══ DATA SHOWN ══

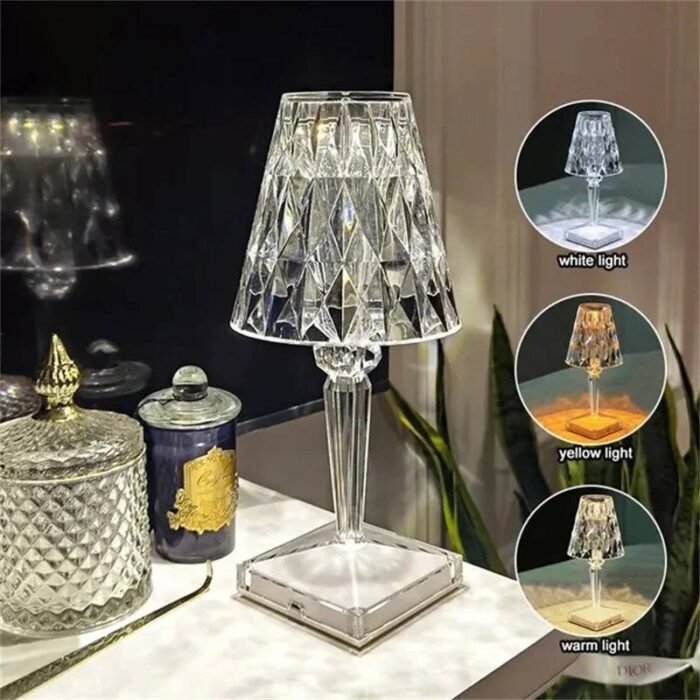 BIG SIZE RECHARGEABLE DIAMOND CRYSTAL RGB MULTI COLORED TABLE BED SIDE LAMP WITH REMOTE DESIGN 2

✔️Touch Switch 
✔️ All - Match Style 
✔️ Multicolour (plain & RGB lighting)
✔️16 Different colors - Image 3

═══

AIM OF THE TASK → Write out every line above again exactly, with the pictures left out.

SOLUTION BELOW →
 BIG SIZE RECHARGEABLE DIAMOND CRYSTAL RGB MULTI COLORED TABLE BED SIDE LAMP WITH REMOTE DESIGN 2

✔️Touch Switch 
✔️ All - Match Style 
✔️ Multicolour (plain & RGB lighting)
✔️16 Different colors - Image 3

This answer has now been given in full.